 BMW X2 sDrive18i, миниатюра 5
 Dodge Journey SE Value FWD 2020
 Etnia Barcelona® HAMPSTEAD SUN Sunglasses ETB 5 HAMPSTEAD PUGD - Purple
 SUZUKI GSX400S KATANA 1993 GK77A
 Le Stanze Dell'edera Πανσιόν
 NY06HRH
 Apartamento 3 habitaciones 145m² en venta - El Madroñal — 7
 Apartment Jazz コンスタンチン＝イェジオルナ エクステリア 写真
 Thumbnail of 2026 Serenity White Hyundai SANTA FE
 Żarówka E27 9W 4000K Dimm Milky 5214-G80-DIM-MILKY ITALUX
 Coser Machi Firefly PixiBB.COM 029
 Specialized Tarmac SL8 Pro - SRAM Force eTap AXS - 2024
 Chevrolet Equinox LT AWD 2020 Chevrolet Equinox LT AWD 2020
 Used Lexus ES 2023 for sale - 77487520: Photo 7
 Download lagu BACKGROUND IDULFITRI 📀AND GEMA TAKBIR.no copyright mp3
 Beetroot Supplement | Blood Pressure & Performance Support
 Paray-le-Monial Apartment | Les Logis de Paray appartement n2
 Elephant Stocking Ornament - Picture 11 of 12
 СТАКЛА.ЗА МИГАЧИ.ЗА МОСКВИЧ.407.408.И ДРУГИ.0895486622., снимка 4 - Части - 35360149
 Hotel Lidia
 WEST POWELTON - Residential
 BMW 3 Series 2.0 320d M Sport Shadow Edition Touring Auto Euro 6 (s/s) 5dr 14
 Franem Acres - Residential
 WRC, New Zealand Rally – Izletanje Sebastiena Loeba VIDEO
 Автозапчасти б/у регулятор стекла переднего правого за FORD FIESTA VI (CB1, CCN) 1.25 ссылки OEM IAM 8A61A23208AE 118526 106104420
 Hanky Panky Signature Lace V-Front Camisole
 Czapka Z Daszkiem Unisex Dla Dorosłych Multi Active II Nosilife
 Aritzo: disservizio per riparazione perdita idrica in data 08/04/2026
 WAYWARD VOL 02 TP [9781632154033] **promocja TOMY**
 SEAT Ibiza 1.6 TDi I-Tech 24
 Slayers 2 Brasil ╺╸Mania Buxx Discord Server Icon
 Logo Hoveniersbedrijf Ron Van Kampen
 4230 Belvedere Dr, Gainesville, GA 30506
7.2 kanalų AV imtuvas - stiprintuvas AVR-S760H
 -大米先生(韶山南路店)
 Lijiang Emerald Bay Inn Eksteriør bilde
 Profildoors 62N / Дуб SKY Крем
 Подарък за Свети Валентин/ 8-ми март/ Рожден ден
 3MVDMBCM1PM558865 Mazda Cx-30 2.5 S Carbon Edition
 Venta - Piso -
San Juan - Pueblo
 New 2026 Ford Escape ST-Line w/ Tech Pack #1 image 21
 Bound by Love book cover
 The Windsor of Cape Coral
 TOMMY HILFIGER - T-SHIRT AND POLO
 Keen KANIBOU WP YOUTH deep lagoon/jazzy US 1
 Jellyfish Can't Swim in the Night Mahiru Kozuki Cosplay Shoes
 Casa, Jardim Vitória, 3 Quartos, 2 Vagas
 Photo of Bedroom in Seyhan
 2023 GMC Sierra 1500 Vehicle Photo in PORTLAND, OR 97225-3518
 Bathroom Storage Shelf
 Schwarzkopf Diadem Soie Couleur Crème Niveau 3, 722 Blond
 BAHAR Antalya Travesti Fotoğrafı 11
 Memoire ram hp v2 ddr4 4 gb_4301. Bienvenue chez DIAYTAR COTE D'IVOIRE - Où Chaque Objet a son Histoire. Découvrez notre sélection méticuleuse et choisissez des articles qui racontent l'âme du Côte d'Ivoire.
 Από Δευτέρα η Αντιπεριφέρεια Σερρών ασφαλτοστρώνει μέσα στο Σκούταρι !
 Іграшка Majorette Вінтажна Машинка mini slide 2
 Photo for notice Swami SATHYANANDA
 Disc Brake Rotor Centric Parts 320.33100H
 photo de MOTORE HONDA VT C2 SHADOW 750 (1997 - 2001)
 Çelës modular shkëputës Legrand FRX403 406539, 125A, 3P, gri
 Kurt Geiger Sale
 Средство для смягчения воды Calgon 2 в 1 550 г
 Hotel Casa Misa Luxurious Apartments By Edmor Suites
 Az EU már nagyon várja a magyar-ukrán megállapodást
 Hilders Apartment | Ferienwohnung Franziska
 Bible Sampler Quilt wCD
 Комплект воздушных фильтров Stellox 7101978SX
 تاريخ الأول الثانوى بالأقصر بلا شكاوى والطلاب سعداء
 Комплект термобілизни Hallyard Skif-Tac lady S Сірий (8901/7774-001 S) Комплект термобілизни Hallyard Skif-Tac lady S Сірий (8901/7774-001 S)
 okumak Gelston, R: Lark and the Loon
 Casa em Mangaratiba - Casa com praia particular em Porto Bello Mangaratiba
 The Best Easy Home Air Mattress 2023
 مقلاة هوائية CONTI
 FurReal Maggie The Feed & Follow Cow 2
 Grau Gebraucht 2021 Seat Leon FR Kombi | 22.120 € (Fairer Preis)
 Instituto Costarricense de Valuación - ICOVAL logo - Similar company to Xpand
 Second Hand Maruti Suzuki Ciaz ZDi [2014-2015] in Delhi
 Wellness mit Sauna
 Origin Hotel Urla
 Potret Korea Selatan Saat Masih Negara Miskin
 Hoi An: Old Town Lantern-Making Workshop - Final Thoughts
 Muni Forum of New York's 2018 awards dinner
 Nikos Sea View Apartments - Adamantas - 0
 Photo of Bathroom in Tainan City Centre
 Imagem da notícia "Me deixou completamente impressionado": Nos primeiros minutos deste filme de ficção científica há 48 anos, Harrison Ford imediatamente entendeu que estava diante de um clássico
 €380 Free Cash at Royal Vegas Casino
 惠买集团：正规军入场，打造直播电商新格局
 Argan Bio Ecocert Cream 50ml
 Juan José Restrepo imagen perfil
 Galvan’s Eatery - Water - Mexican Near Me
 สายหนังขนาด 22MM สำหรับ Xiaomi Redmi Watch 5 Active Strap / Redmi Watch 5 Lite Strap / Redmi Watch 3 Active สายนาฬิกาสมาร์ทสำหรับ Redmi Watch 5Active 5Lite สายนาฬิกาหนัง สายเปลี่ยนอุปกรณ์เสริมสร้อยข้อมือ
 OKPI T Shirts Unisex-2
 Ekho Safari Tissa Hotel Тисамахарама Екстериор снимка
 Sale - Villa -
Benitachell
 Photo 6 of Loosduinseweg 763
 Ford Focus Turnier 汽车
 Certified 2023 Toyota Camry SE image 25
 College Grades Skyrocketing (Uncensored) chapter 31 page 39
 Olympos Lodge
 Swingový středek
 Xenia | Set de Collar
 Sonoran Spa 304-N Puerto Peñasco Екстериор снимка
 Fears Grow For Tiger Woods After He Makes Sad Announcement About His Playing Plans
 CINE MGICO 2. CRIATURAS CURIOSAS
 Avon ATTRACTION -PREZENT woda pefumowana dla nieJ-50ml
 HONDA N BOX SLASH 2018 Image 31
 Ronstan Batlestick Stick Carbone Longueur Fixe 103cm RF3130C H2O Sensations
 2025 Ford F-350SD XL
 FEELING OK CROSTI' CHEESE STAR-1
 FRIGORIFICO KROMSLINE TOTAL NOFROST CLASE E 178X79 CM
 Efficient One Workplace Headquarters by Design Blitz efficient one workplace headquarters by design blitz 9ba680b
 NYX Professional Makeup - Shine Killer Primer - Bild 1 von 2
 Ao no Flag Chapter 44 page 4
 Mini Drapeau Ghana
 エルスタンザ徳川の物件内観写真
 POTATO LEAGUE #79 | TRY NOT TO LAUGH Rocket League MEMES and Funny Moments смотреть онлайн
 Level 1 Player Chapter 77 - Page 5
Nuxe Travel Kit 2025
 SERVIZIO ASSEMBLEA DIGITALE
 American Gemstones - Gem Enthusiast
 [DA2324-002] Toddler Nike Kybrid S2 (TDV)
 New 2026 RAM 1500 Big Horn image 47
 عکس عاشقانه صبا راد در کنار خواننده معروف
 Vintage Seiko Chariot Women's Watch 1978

# # #

**Description of the task**
Output the lines above exactly, but only those between the line holding "Casa, Jardim Vitória, 3 Quartos, 2 Vagas" and the line holding "Από Δευτέρα η", inclusive.

**Completed exercise**
 Casa, Jardim Vitória, 3 Quartos, 2 Vagas
 Photo of Bedroom in Seyhan
 2023 GMC Sierra 1500 Vehicle Photo in PORTLAND, OR 97225-3518
 Bathroom Storage Shelf
 Schwarzkopf Diadem Soie Couleur Crème Niveau 3, 722 Blond
 BAHAR Antalya Travesti Fotoğrafı 11
 Memoire ram hp v2 ddr4 4 gb_4301. Bienvenue chez DIAYTAR COTE D'IVOIRE - Où Chaque Objet a son Histoire. Découvrez notre sélection méticuleuse et choisissez des articles qui racontent l'âme du Côte d'Ivoire.
 Από Δευτέρα η Αντιπεριφέρεια Σερρών ασφαλτοστρώνει μέσα στο Σκούταρι !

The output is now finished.